5. Lee Kuan Yew and poetry
Finally, I have discovered the origins of LKY’s famous statement, “Poetry is a luxury we cannot afford”, which made to students at what was then called the University of Singapore in 1968.
Without knowing the full context, I have often used it to depict Singapore’s extreme emphasis on “practical” subjects like Math and Science over the seemingly frivolous like Literature.
According to Ms Koh, the NTU professor, who had just graduated as an English Literature Honours student in 1968. Lee Kuan Yew had “replied to my question as to whether he thought values could be taught through literature (the issue was moral education in schools, and the Malay Teachers’ Union had suggested this). So I wrote it down immediately in a notebook that I always carry with me.”

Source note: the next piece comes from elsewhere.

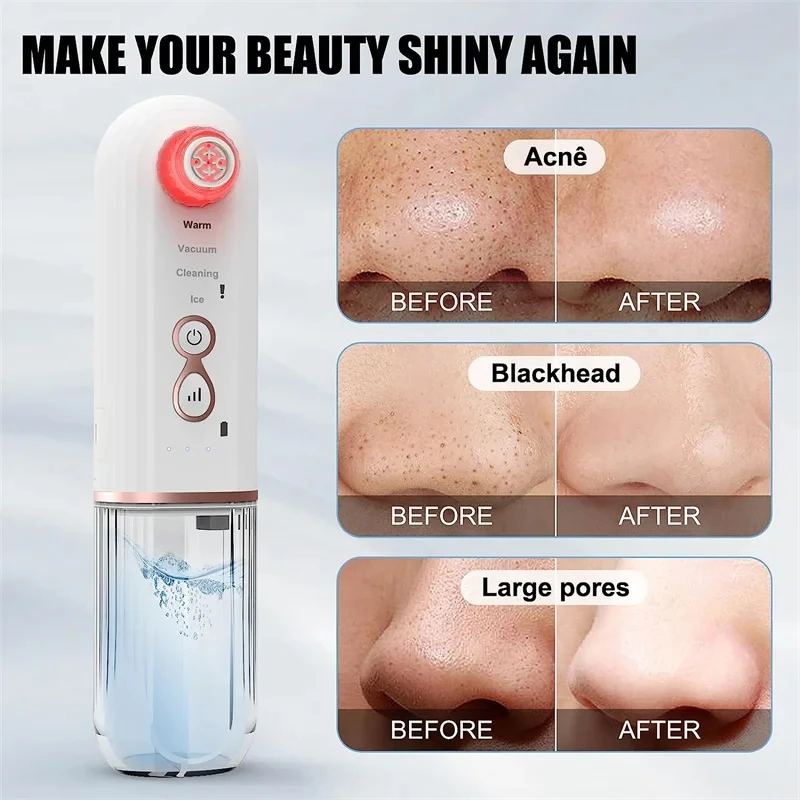 Blackhead Pore Vacuum Cleaner Remover Machine Dead Skin Electric Acne Remove Blackheads Suction Extractor Tool Kit Rechargeable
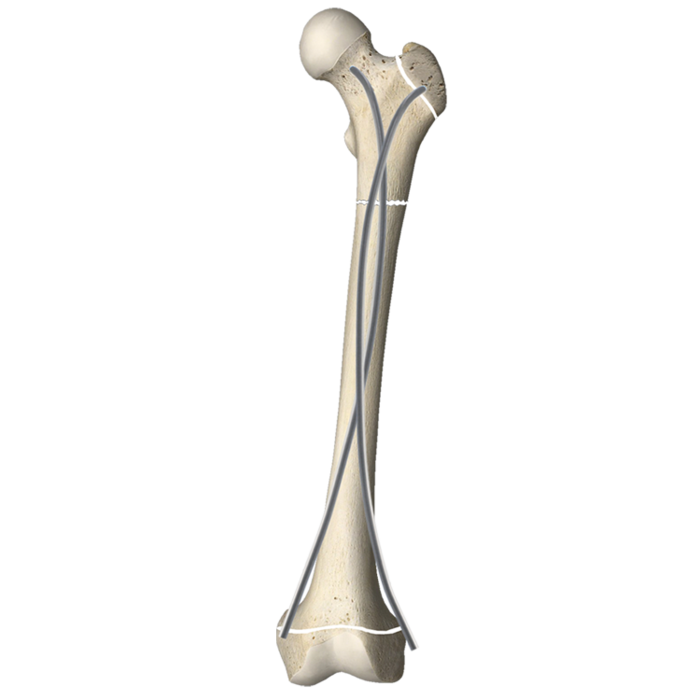 彈心髓內(nèi)釘Elastic Intramedullary Pin.png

(Note: I did not hear this from Ms Koh at the session itself, but in a follow-up email.)
The two interesting new angles for me are that it was a question of morals; and that it was the Malay Teachers’ Union that had suggested it. This chimes firstly with the intrinsic/extrinsic tension. Moral education, so it seems, is not something that can be nurtured through Literature (or poetry). Presumably it has to be enforced through the stick. Secondly, might he had responded differently, I wonder, if the suggestion had come from the Chinese English-speaking elite rather than the Malay Teachers’ Union?